In early July, the new Bedford High School principal said he wants to amend school policies to restrict parental involvement in their children’s education. He referred to their behavior as “snowplowing.” The Union Leader said the principal’s intention is to “keep parents from overstepping their bounds.”
So much for encouraging parental involvement.
While some parents may genuinely interfere in their child’s learning, it is extreme to apply a blanket policy that inhibits parental involvement.
But worse than one policy at one school, there is a growing trend among public schools to restrict parental involvement in their children’s education. It seems driven by fear that more parental choice and educational options will “destroy” public education. In fact, it may be what saves it.
At a time when education professionals are embracing individualized learning and families want more options, public schools and their unions are trying to preserve the one-size-fits-all model of education that in truth fits no one.
An innovative program called Learn Everywhere became law in 2018 and before it can begin, the state Department of Education must create governing rules that were recently approved by the state Board of Education. Late last week, the Joint Legislative Committee for Administrative Rules (JLCAR) voted against the department’s proposed rules. Now the DOE must rewrite their proposed rules and have them reviewed and approved by the state BOE before returning to JLCAR at a later date.
This year the Democrat-controlled legislature passed a bill, SB 140, that attempted to repeal the program. Fortunately, Governor Sununu vetoed it a couple weeks ago, but the legislature will have a session day this fall, date TBD, when they will try to override this decision.
JLCAR is another way the legislature can end Learn Everywhere before it can start.

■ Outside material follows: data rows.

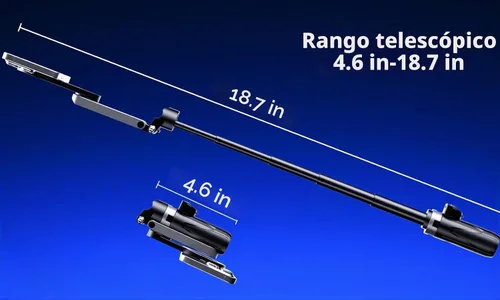 Vista 9 de Trípode magnético 4 en 1 con bolsillo para selfie que se extiende hasta 1.5 pies Portable Camera Grip Handle, Strong Magnetic, Compact, Detachable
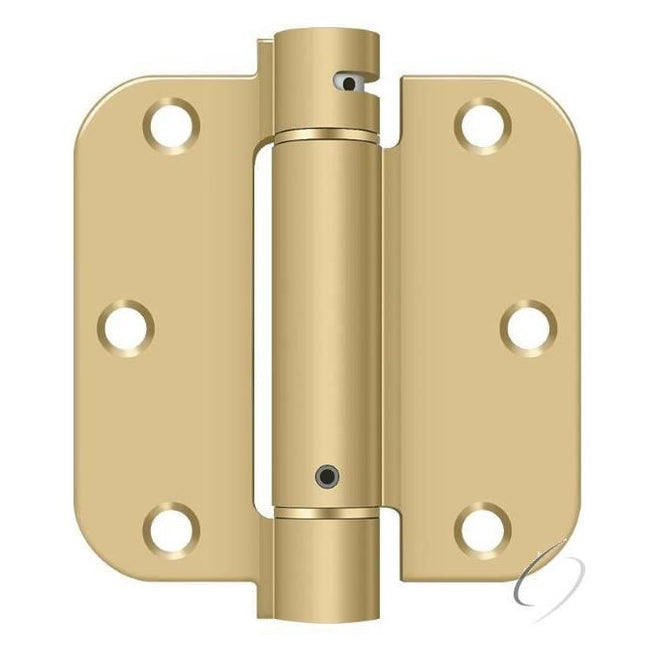 DSH35R54 3-1/2" x 3-1/2" x 5/8" Spring Hinge; Satin Brass Finish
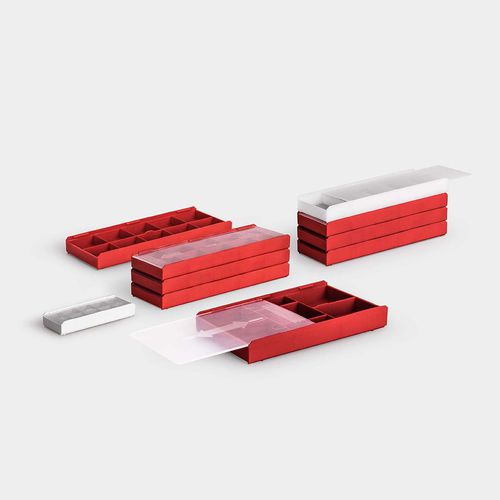 Boîte d'emballage pour inserts - IB-W series - rose plastic - en plastique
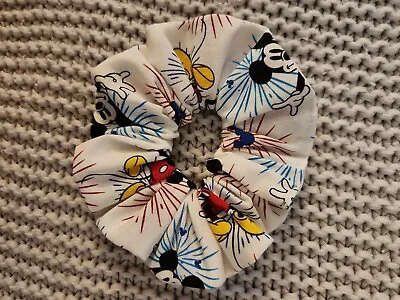  Handmade Hair Scrunchie Mickey Mouse  Theme • $3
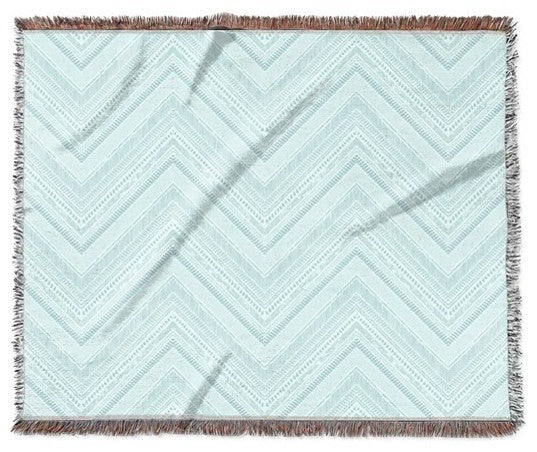 "Ornate Chevron" Woven Blanket 80"x60"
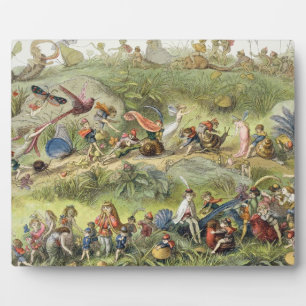 Triumfale maart van de Elf-King, illustratie van Fotoplaat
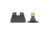 Night Fision Suppressor Height Night Sight Set, Sig P320/P365, Yellow Front, Black, SIG-179-003-YGZG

Even the Concord Monitor recognizes that Learn Everywhere empowers families. In its July 20, 2019 article about JLCAR’s vote, it said “advocates of the program prefer a different metric: parental control” and “suddenly, a student’s curriculum could look very different from the one set by his or her school. And parents would be firmly in the driver’s seat.”
Learn Everywhere expands the successful Expanded Learning Opportunities (ELOs) program to empower public high-schoolers to learn outside the limits of a classroom and typical school settings, and now, beyond school-district boundaries. It allows up to 30% of a student’s credits to come from other sources. The Department of Education would review and approve these programs so they are not limited to zip codes; it allows approved organizations to offer educational opportunities that cross multiple school district boundaries. Also, it is similar to the authorization already in place for chartered public schools.

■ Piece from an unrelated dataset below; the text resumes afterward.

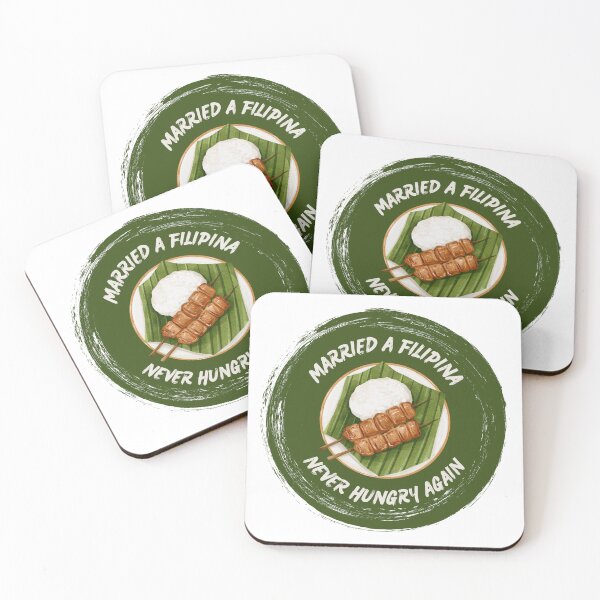 Item preview, Married a Filipina - Never Hungry Again  designed and sold by Hearts Don't Need Borders.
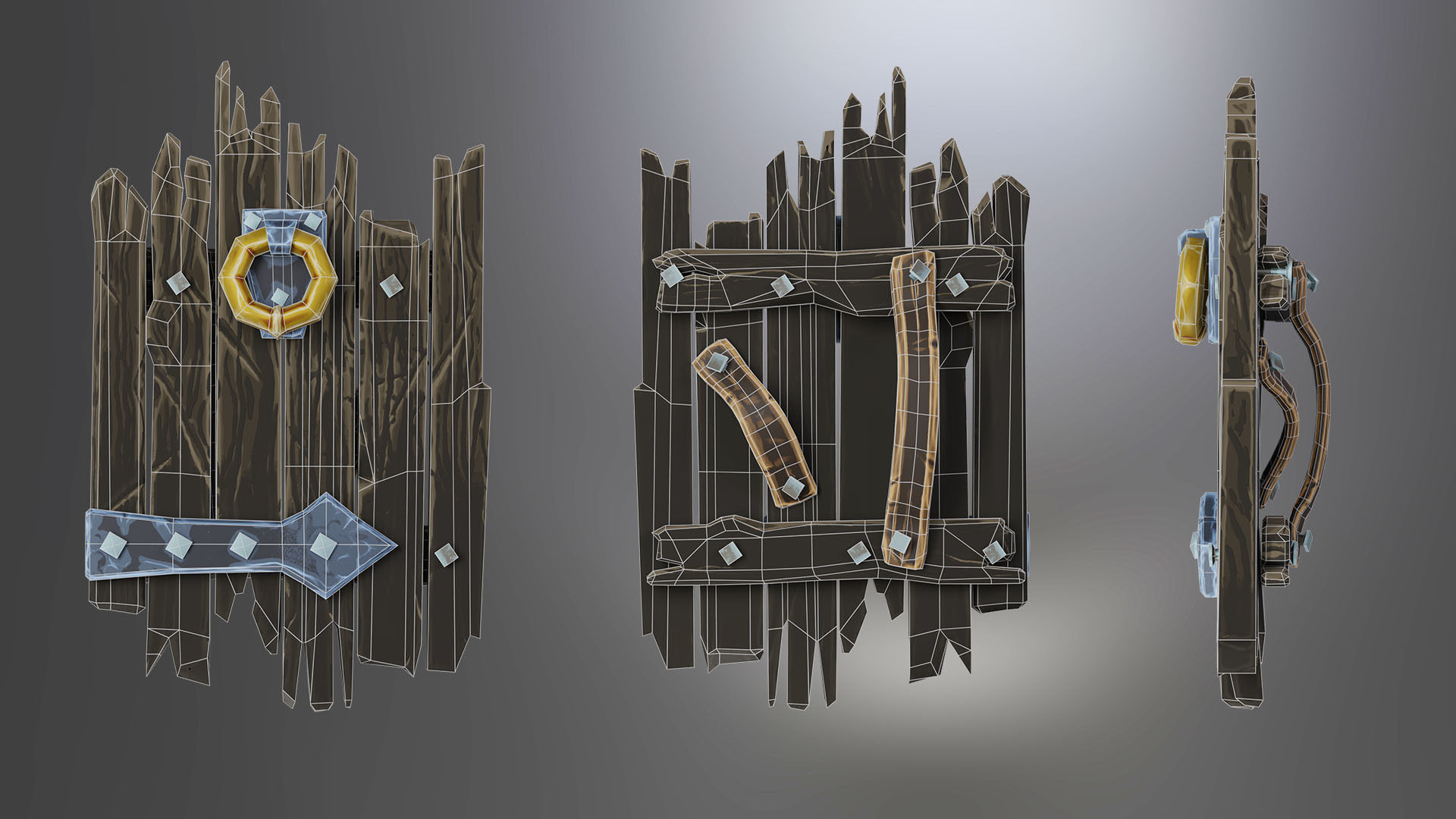 Animated Low Poly Game Ready Skeleton Pack Recruit Warrior Boss 3D Model Collection_38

Participation by students and organizations is optional and does not present a financial burden to the schools. Many of these programs are available for free or reduced fees like those available at the Boys and Girls Clubs, the YMCA, Civil Air Patrol, and other community organizations. Typically, alternative learning programs, like those available through ELOs, are at the family’s expense, not the district’s. For example, if a student enrolls in a dual enrollment class through Southern NH University, those courses are available at a discount, but the family is responsible for the tuition and materials, not the local district school. Learn Everywhere is fully consistent with this existing practice.
Learn Everywhere is also consistent with local control. District public schools have policies governing how many credits from alternative learning options may be applied towards graduation. While Learn Everywhere allows up to 30% to come from alternative sources, the majority of credits must be obtained within the local school’s system. It is a way to allow some customized learning for those students who want options.
At a time when more families want individualized learning and more options are available, Learn Everywhere allows public high schools to retain students that may otherwise leave to access these opportunities. The more unions, administrators, and other public-school officials try to limit educational options, the more families will be forced out of their local schools to access choices that provide better educational fits for their children. Learn Everywhere allows public schools to be responsive to this increased demand for customization and no longer require a one-size-fits-all education for local students.
NH’s public schools are facing increased financial pressures and declining student enrollment. It is time for innovation and Learn Everywhere may be just what public education needs to respond to competitive educational options that could draw more students away from them. Learn Everywhere can be a win-win for schools and students, if they give it a chance.